Looks similar to the interface we use in our kernel interface for updating SAs.



butcher said:


> One of SADB_X_EXT_NEW_ADDRESS_SRC, SADB_X_EXT_NEW_ADDRESS_DST, or NATT headers must be specified. The kernel does lookup for needed SA, updates SA source or/and destination addresses or/and NATT configuration and return the result to all processes.



Just to clarify, if no NAT-T extension is passed, the NAT-T configuration is removed from the SA, right? Because it's theoretically possible that a mobile client behind a NAT moves out of it to a public IP (and back again). So it should be possible to add/update/remove the NAT-T config of the SA.
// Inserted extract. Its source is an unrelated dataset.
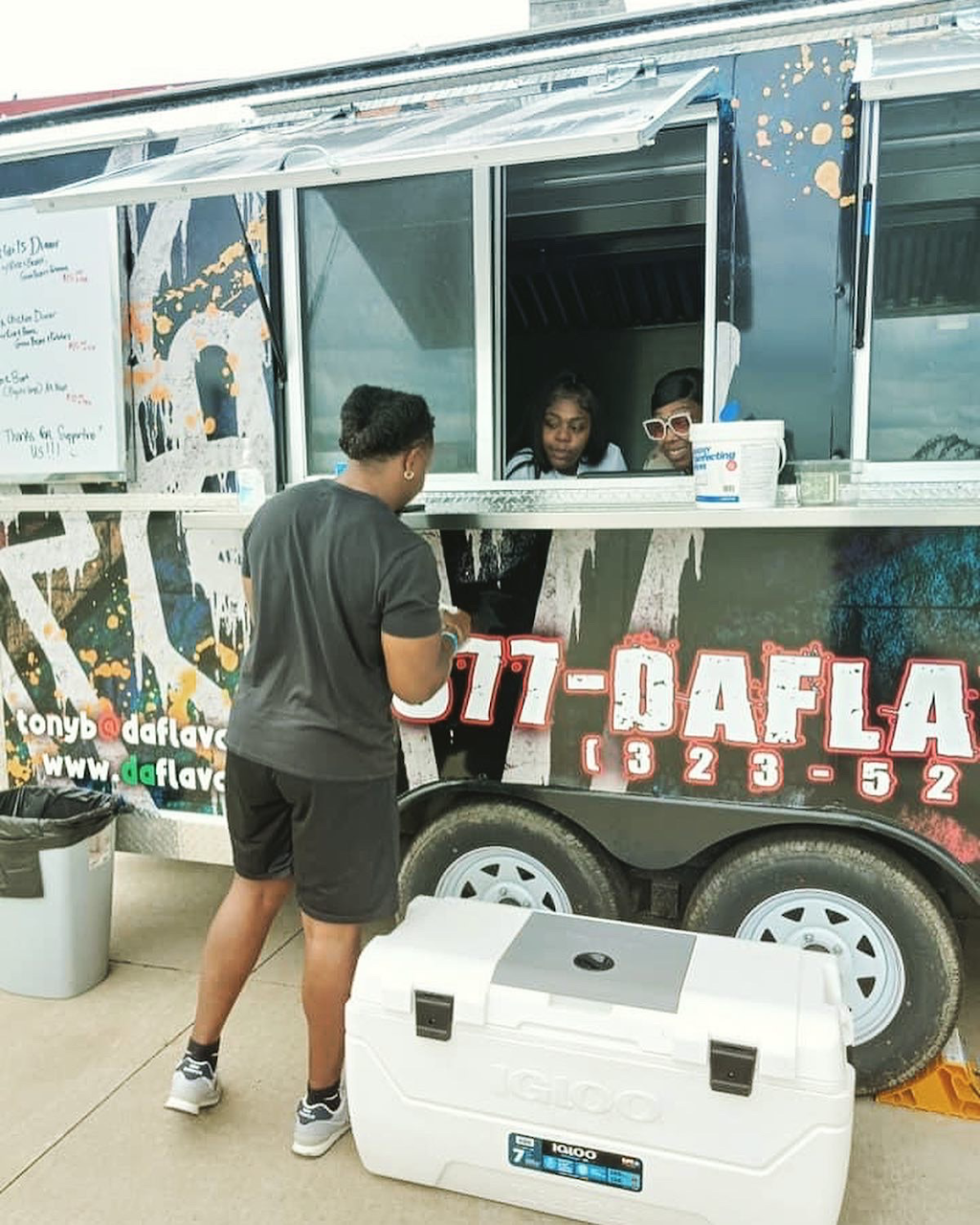 Da Flava Unit | restaurant | 595 Country Lane, Parking Lot, North Liberty, IA 52317, USA | 8773235282 OR +1 877-323-5282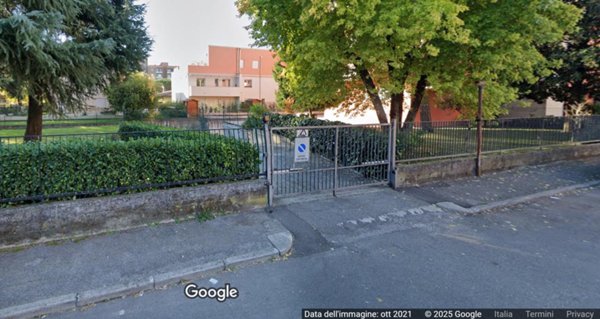 negozio in vendita a Verona in zona San Massimo all'Adige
But why not just allow passing these new extensions (SADB_X_EXT_NEW_ADDRESS_SRC|DST)  with SADB_UPDATE? That might require less changes in kernel and userland code (at least in our case that'd be the case).


----------



## butcher (Jan 17, 2017)

ecdsa said:


> Looks similar to the interface we use in our kernel interface for updating SAs.
> Just to clarify, if no NAT-T extension is passed, the NAT-T configuration is removed from the SA, right? Because it's theoretically possible that a mobile client behind a NAT moves out of it to a public IP (and back again). So it should be possible to add/update/remove the NAT-T config of the SA.



Yes. Internally this will be new SA entry, and if NAT-T headers is not present in the message, NAT-T config will not be installed.



> But why not just allow passing these new extensions (SADB_X_EXT_NEW_ADDRESS_SRC|DST)  with SADB_UPDATE? That might require less changes in kernel and userland code (at least in our case that'd be the case).



I did some cleanup in key_update(), so now it may behave differently in comparison to early implementation.
Now it closely follows to RFC, I hope. So, if SA is not in a LARVAL state, it is not allowed to update anything but lifetimes. I prefer to follow the RFC, but since NAT-T and SADB_X_EXT_NEW_ADDRESS_SRC|DST headers are not defined by RFC, probably we can add some deviations from RFC for them. I'll try to implement described features via SADB_UPDATE and I will report you later.


----------



## butcher (Feb 7, 2017)

ecdsa said:


> But why not just allow passing these new extensions (SADB_X_EXT_NEW_ADDRESS_SRC|DST) with SADB_UPDATE? That might require less changes in kernel and userland code (at least in our case that'd be the case).



I implemented this with SADB_UPDATE. See this commit. 
But it is untested yet. Also, now the work from projects/ipsec is merged into 12.0-CURRENT.


----------



## ecdsa (Feb 7, 2017)

That's great, thanks! I've pushed an equally untested change to the pfkey-update-addrs branch of our repository.


----------